The continued failure of many people to accept that Barack Obama is a Christian can also be partially explained by Buckley’s argument. Obama is (wrongly) viewed by many as pushing socialism on the U.S. government—next stop will be full-fledged Stalinism, right? And of course anyone who starts down that path could not possibly be a true Christian, because otherwise he would do all he could to fight that reality-denying philosophy.  For those who maintain Buckley’s notions of religious strength in the face of evil, an insufficiently religious leader will always be found lacking.



  1. Thank you for your comments here, I wondered if you could describe the Christian concept of the “the atheist” – that is the characterization of atheists from something like Buckley’s point of view. It seems to me (in my amateur opinion of what I observe in Evangelical circles now) that this is a dismissive category outright which places people in the impossible position of hating all things that could have value. Would Buckley see a difference between this and a supposed “agnostic?” Or is there a more nuanced view that is not so polarized (recognizing that I am possibly creating a new dismissive category of the “evangelical”)?

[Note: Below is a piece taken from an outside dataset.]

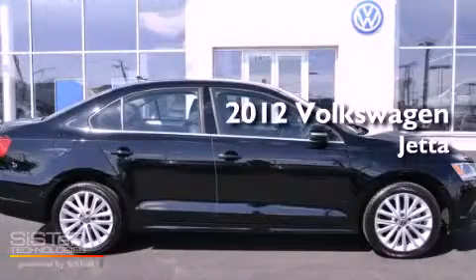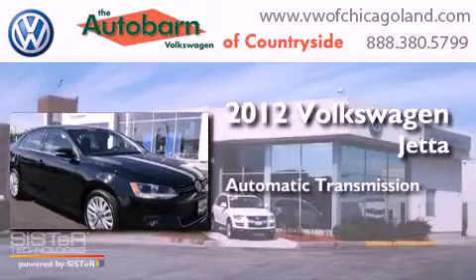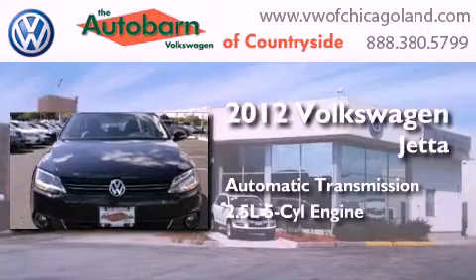This is a 2012 Volkswagen Jetta. This four-door sedan has an automatic transmission and a 2.5-liter inline five-cylinder engine.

  2. That’s the big question that I am working on in my dissertation. In a couple sentences, “the atheist” is one form of shorthand used variously for non-believers, non-Christians, hard-line atheists, agnostics, and sometimes those whose Christianity is not as “right” as the speaker’s. During most of the Cold War, it was the favored term, due to the “atheistic communism” phrase. (Buckley goes in to greater detail on the association between the two in the article I discuss above.) Once the Moral Majority got going, though, it switched to “secular humanist.”

    But I absolutely agree that the primary function of the term in this context is to discredit an opponent, undermine all grounds form which they might argue on, well, anything. Buckley, of course, knew the difference between atheist and agnostic philosophies; I think it’s safe to see intent in his use of one or the other.